Fünf Fragen anAnja Schulz (FDP)

„Jeder sollte selbst entscheiden können, wie er seine Altersvorsorge gestalten will.“

Für Anja Schulz (FDP) beflügelt die Reform der privaten Altersvorsorge in Deutschland die Aktienkultur. Das neue Vorsorgedepot und die höhere staatliche Förderung bringt die Altersvorsorge auch auf eine zeitgemäßes Niveau.

„Jeder sollte selbst entscheiden können, wie er seine Altersvorsorge gestalten will.“

Frau Schulz, die Bundesregierung hat die Reform der privaten Altersvorsorge (pAV) auf den Weg gebracht. Der Referentenentwurf wird derzeit innerhalb der Ressorts abgestimmt. Zieht jetzt mehr Aktienkultur in die private Vorsorge ein?

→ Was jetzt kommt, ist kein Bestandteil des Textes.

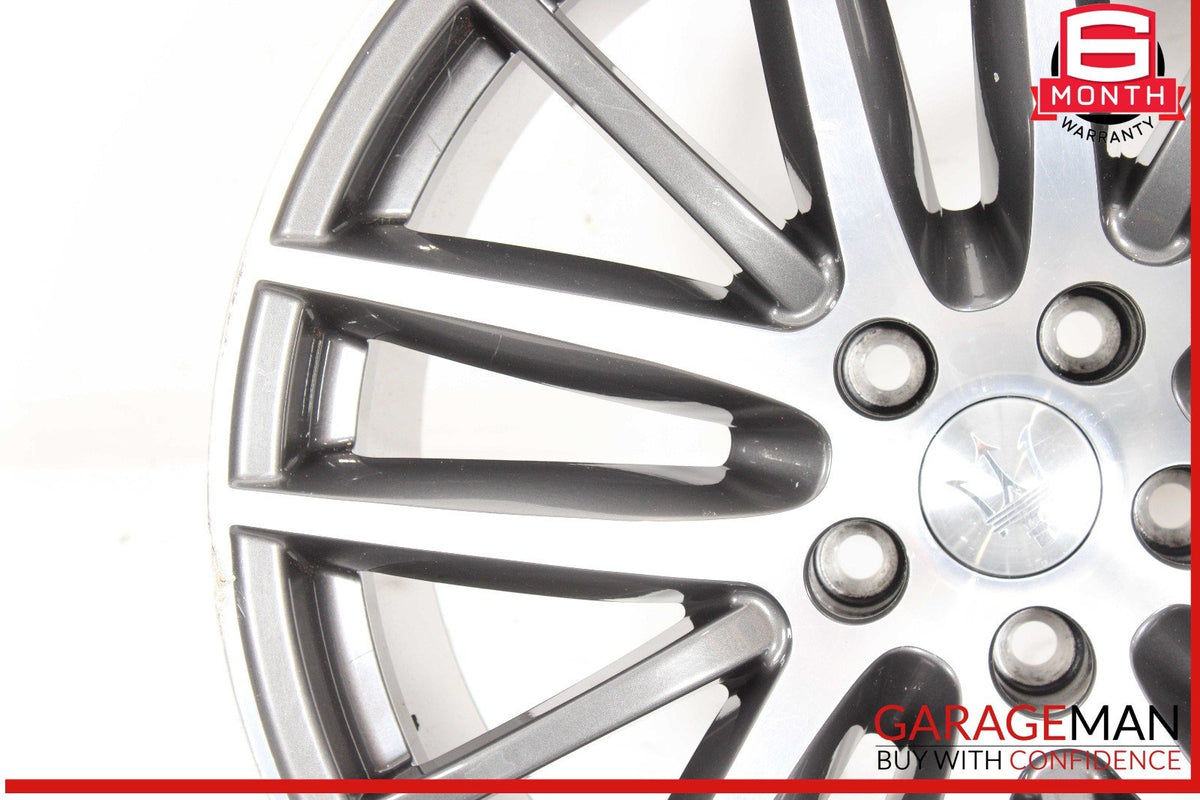 14-17 Maserati Ghibli Rear Right or Left Side Wheel Rim 10Jx19H2 ET40 OEM
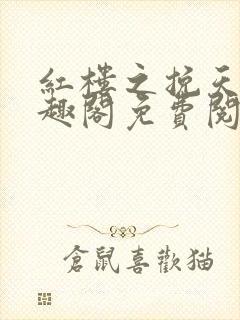 红楼之挽天倾笔趣阁免费阅读封面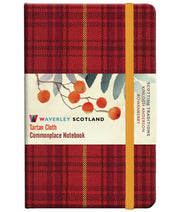 Tartan Notebook Rowanberry Pocket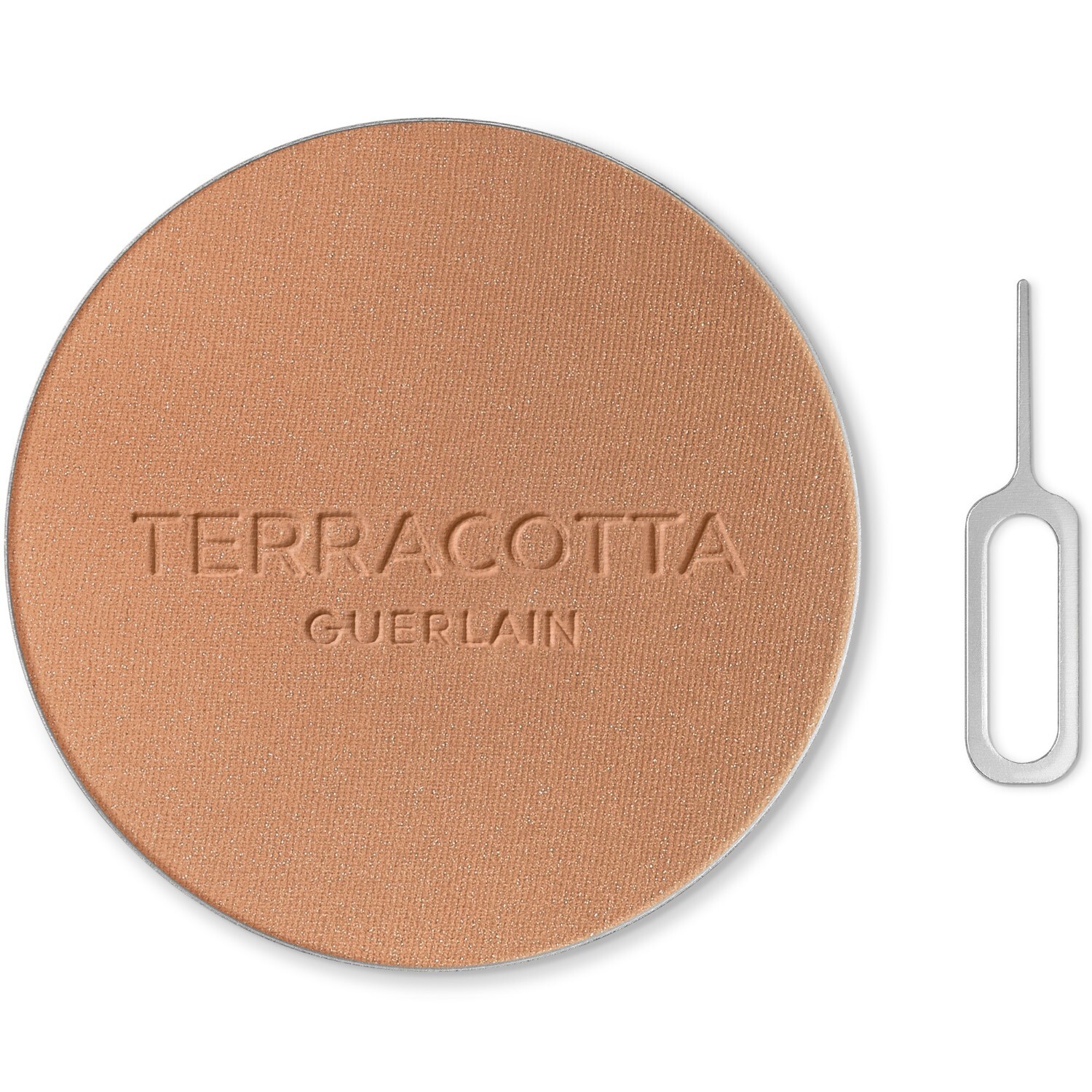 Бронзер terracotta refill Guerlain, 03, вес 8.5 гр.
Бронзер terracotta refill Guerlain, 03, вес 8.5 гр.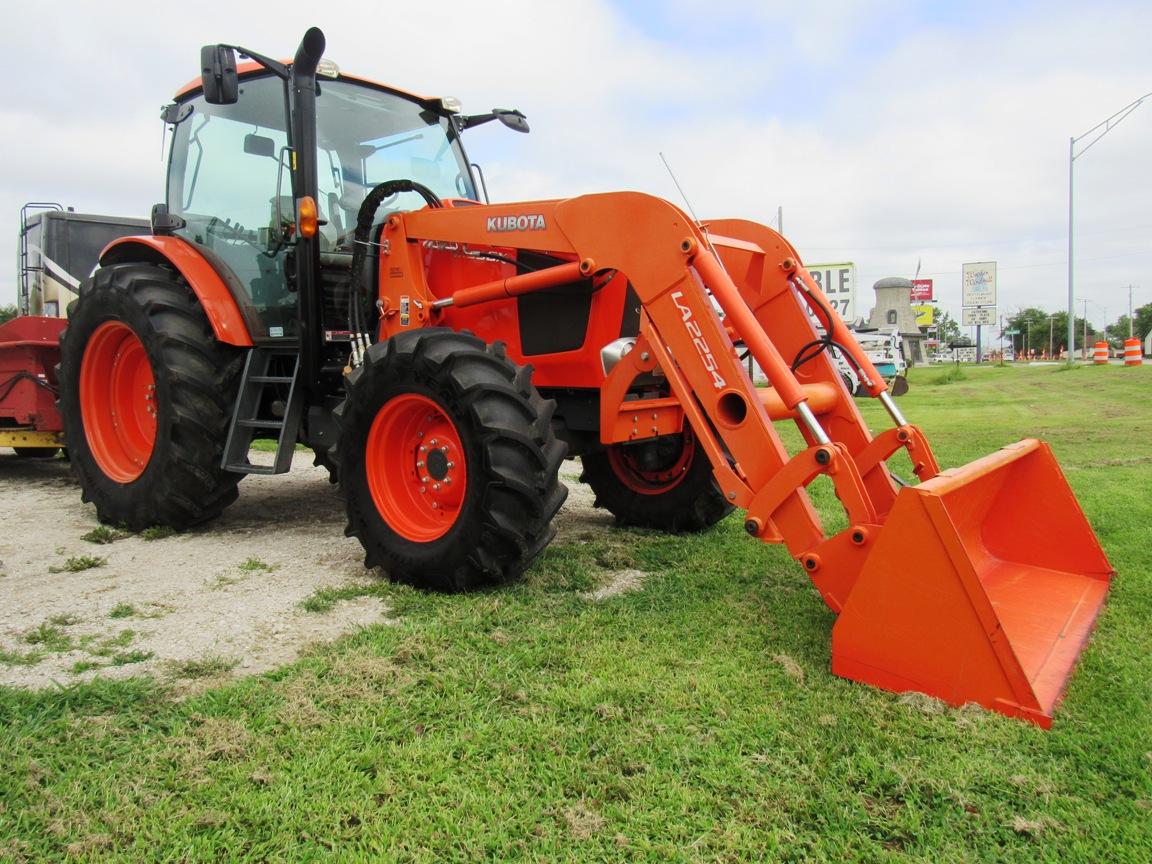 2014 Kubota Model M 135GX MFWD Diesel Tractor, SN #50612, Kubota Turbo Diesel Engine, Hydrostat Tran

Absolut! Mit dem Altersvorsorgedepot bieten wir ein flexibles Vorsorgeprodukt, das den Bürgern die Wahl der Anlageform überlässt – egal ob Aktien, Fonds oder ETFs. Zudem knüpfen wir an den Trend zum Depotsparen an, der seit einigen Jahren zu beobachten ist. Und dank der vereinfachten Förderung wird jeder gesparte Euro stärker und direkt belohnt.

Bundesfinanzminister Christian Lindner (FDP) hat eine erhöhte Förderung bis zu einem Sparbetrag von zunächst 3.000 Euro, von 2030 an bis zu 3.500 Euro im Jahr vorgeschlagen. Manche Kritiker finden das zu viel, andere Länder fördern stärker. Passt der Vorschlag für Sie?

Jahrelang wurden Zulagen und steuerliche Förderbeträge nicht an Inflation und steigende Löhne angepasst. Mit dem pAV-Reformgesetz bringen wir die Förderung auf ein zeitgemäßes Niveau. Bis zu 3.000 Euro Förderung entsprechen einem monatlichen Sparplan von 250 Euro. Zum Vergleich: Der durchschnittliche deutsche Sparer legt rund 164 Euro im Monat in ETFs an – damit sind wir bestens aufgestellt.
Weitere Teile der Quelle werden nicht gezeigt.